Сейчас этот запрет распространился и на русские детские сады: Сейм Латвии принял поправки к закону об образовании, которые обязывают дошкольные учреждения национальных меньшинств к следующему году перейти на латышский язык обучения.
Эта новость примечательна тем, что лет 20 назад того, кто предрекал бы, что латвийские власти запретят разговаривать по-русски с дошколятами, обвинили бы в утрировании, нагнетании, сгущении красок. Однако дело к этому шло, шло… и пришло.

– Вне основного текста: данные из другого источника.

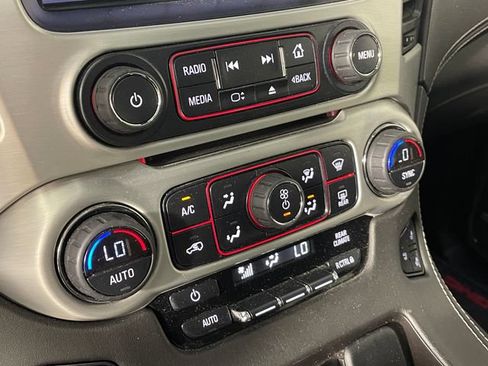 Certified 2015 GMC Yukon SLT w/ HD Trailering Package AWD/4WD image 8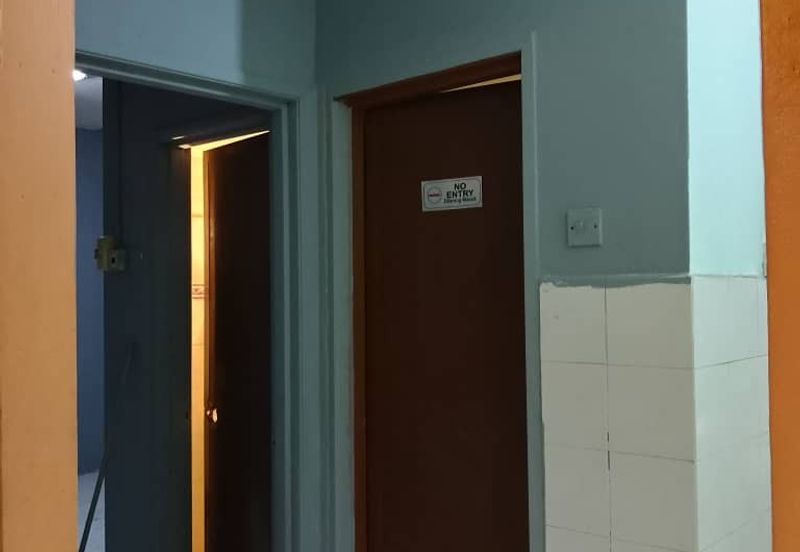 Pangsapuri Putra Impian, Taman Pinggiran Putra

Сначала университеты и техникумы («ну, это уже взрослые люди, граждане Латвии, должны обучаться на государственном языке»), потом старшие классы в школах («ну, это уже почти взрослые, готовятся к поступлению в вузы»), потом средние («ну, это еще куда ни шло, начинали ведь учиться на родном языке»), потом начальные («ну, это…»), теперь вот детские сады («ну…»).
При сохранении этой последовательности русским Латвии через несколько лет вообще запретят говорить по-русски, и языковая полиция на улицах будет отлавливать и штрафовать прохожих за разговоры на негосударственном языке.
Мрачный прогноз, но никакого нагнетания и сгущения красок в нем нет, потому что он основан на четко вырисовывающейся тенденции и четком понимании конечной цели латвийских властей. Цель эта состоит в том, что русского присутствия в Латвии быть не должно. Русскоязычные 38% населения должны либо ассимилироваться и становиться латышами, либо «убираться в свою Россию».
На пути к достижению этой цели строители «латышской Латвии» не оглядываются ни на какую критику международных организаций и западных покровителей, на которых во всем остальном просто молятся. Запрет учиться в Латвии на русском родном языке осуждает не только Россия.
На дискриминацию детей из семей национальных меньшинств Латвии дипломатично указывают ООН, ОБСЕ, Совет Европы и Госдеп США.
Только латышским националистам их критика — что об стенку горох. Есть четкая фундаментальная установка — Латвия должна быть латышской. «Оккупанты и их потомки» должны или превращаться в латышей, или «сваливать». Если они не будут делать ни того, ни другого, в Латвии может дойти до этнических чисток.